Validating DataFrame Dependencies
We can use the spark-daria library to validate the DataFrame requirements of schema independent transformations.
def withAgePlusOne(
ageColName: String,
resultColName: String
)(df: DataFrame): DataFrame = {
validatePresenceOfColumns(df, Seq(ageColName))
df.withColumn(resultColName, col(ageColName) + 1)
}
The validatePresenceOfColumns
check ensures that the code will throw a descriptive error message if the underlying DataFrame doesn’t contain the ageColName
column.
Read this blog post for a detailed discussion on validating DataFrame schemas.
When to use schema dependent transformations vs schema independent transformations
The public interface of your code should expose schema independent transformations for function that will be used on a variety of schemas.
Schema dependent transformations are useful for functions that are only expected to run on a single schema.
Suppose you have the following sourceDF.
+-----+------+----+-----+
|fname| lname| ssn| zip|
+-----+------+----+-----+
| bob|barker|1234|11111|
| rich| piano|4444|22222|
+-----+------+----+-----+
Let’s write a withPersonId transformation to append a person_id column to the DataFrame.
def withPersonId()(df: DataFrame): DataFrame = {
sourceDF.withColumn(
"person_id",
md5(concat_ws(",", $"fname", $"lname", $"ssn", $"zip"))
)
}
Let’s run the code and see the results.
sourceDF.transform(withPersonId()).show()+-----+------+----+-----+--------------------+
|fname| lname| ssn| zip| person_id|
+-----+------+----+-----+--------------------+
| bob|barker|1234|11111|fa57b17f53ebfe07e...|
| rich| piano|4444|22222|b73a570f4240c5ba5...|
+-----+------+----+-----+--------------------+
This code is a little bulky when it’s expressed as a schema independent DataFrame transformation.
def withPersonId(
fnameColName: String,
lnameColName: String,
ssnColName: String,
zipColName: String
)(df: DataFrame): DataFrame = {
sourceDF.withColumn(
"person_id",
md5(
concat_ws(
",",
col(fnameColName),
col(lnameColName),
col(ssnColName),
col(zipColName)
)
)
)
}
Invoking the schema independent DataFrame transformation is also a bit more bulky.
sourceDF.transform(
withPersonId("fname", "lname", "ssn", "zip")
).show()
We can set smart defaults to clean up the function invocation of the schema independent DataFrame transformation.
def withPersonId(
fnameColName: String = "fname",
lnameColName: String = "lname",
ssnColName: String = "ssn",
zipColName: String = "zip"
)(df: DataFrame): DataFrame = {
sourceDF.withColumn(
"person_id",
md5(
concat_ws(
",",
col(fnameColName),
col(lnameColName),
col(ssnColName),
col(zipColName)
)
)
)
}
So…. should withPersonId
be a schema dependent or schema independent DataFrame transformation? It depends 😉
If withPersonId
will be called on a variety of DataFrame schemas, we should make it a flexible, schema independent transformation.
If withPersonId
will only be called on DataFrames with a single schema, we can use a schema dependent transformation
What about user defined functions?
User defined functions will obviously be used extensively in your codebase, but should we expose UDFs as part of our public interface?

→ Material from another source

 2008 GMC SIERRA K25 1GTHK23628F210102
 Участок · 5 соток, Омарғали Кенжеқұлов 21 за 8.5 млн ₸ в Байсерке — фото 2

It’s OK to expose UDFs that are high-level and don’t contain business logic. Spark’s org.apache.spark.sql.functions package provides a lot of good examples of generic functions that should be exposed.
spark-daria also exposes high-level functions.

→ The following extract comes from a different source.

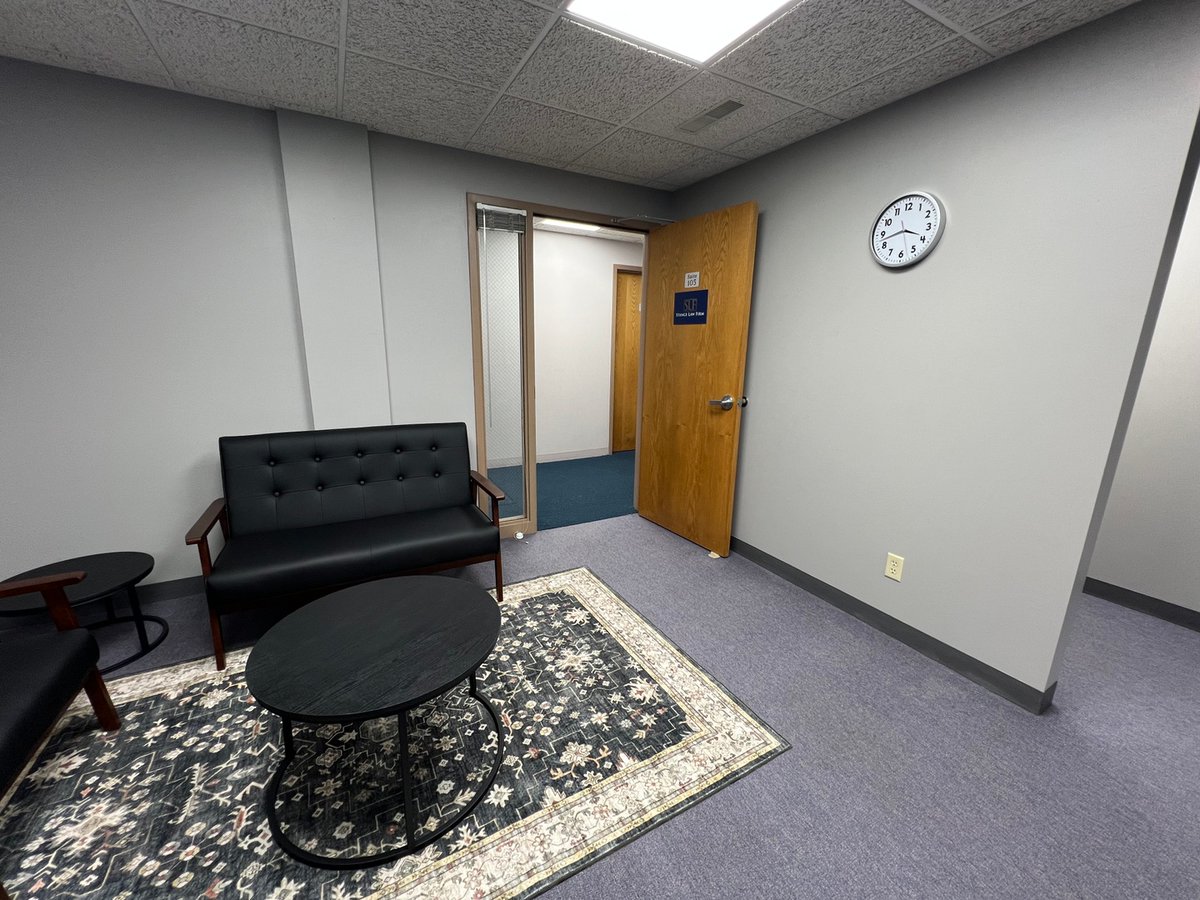 Stangelawfirm's tweet image. This week, Stange Law Firm&apos;s #CedarRapids, Iowa office relocated to a larger, contiguous office space to better serve our clients in the area. Our #divorce and #familylaw office in #LinnCounty is now located at 3100 E Ave NW, Suite 105, Cedar Rapids, Iowa 52405.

It’s better to wrap used defined functions that contain business logic in DataFrame transformations and expose the DataFrame transformation as part of your public interface.
Conclusion
Adding schema independent DataFrame transformations to your repertoire will make you a more complete Spark programmer.
Practice the art of optimally selecting a schema dependent transformation, schema independent transformation, or user defined function given your circumstances.
Spark is a demanding engine and it’s vitally important for programmers to manage complexity by exposing the right public interfaces. Make sure to use schema independent transformation as appropriate.